No gym? No problem! You don’t need expensive equipment to exercise. Here is a list of five effective workouts you can do in the comfort of your own home to stay fit and healthy.
1.Bodyweight Squats Bodyweight squats are a fantastic way to strengthen your legs and glutes. Stand with your feet shoulder-width apart, keep your back straight, and lower your body as if you’re sitting in a chair. Push through your heels to return to the starting position. Aim for 3 sets of 15 repetitions.
2.Push-Ups Push-ups are a classic exercise that works your chest, shoulders, triceps, and core. Start in a plank position with your hands slightly wider than shoulder-width apart. Lower your body until your chest nearly touches the floor, then push back up. Modify by doing them on your knees if needed. Aim for 3 sets of 10-15 repetitions.

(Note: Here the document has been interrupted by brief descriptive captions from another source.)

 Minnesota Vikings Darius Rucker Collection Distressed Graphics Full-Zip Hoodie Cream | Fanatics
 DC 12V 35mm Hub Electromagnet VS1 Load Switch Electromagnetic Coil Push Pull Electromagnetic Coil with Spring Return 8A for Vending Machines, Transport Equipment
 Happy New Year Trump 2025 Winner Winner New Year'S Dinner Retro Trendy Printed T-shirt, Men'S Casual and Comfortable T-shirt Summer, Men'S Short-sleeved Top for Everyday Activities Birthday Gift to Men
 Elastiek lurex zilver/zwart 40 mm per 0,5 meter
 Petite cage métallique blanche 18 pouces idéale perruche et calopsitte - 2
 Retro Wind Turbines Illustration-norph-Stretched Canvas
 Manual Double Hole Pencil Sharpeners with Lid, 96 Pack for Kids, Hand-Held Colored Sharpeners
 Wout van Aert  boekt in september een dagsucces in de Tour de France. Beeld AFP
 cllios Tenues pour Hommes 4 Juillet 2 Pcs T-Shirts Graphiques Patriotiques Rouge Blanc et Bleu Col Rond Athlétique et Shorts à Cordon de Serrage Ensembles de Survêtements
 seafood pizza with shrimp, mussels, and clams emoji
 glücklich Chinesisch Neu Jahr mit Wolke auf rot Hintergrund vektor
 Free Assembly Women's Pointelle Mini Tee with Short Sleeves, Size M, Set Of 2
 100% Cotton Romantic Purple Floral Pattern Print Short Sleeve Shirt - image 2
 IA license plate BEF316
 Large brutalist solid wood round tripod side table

3.Planks Planks are excellent for building core strength. Start in a forearm plank position with your body in a straight line from head to heels. Engage your core and hold the position for as long as you can. Aim for 3 sets of 30-60 seconds.

Photo by Carl Solano
4.Lunges Lunges target your legs and glutes while also improving balance. Stand tall, step forward with one leg, and lower your body until both knees are at 90-degree angles. Push back up to the starting position and switch legs. Aim for 3 sets of 10-12 repetitions on each leg.
5.Burpees Burpees are a full-body workout that combines strength and cardio. Start standing, drop into a squat, place your hands on the floor, and jump your feet back into a plank position. Perform a push-up, jump your feet back to your hands, and explosively jump up. Aim for 3 sets of 8-10 repetitions.
These five workouts are complete, easy to do at home without fancy equipment, and can be modified to suit your fitness goals. Staying active and healthy is a persistent task that does not necessarily mean going to the gym. Thus, try to incorporate these exercises into your daily routine to stay in good physical condition.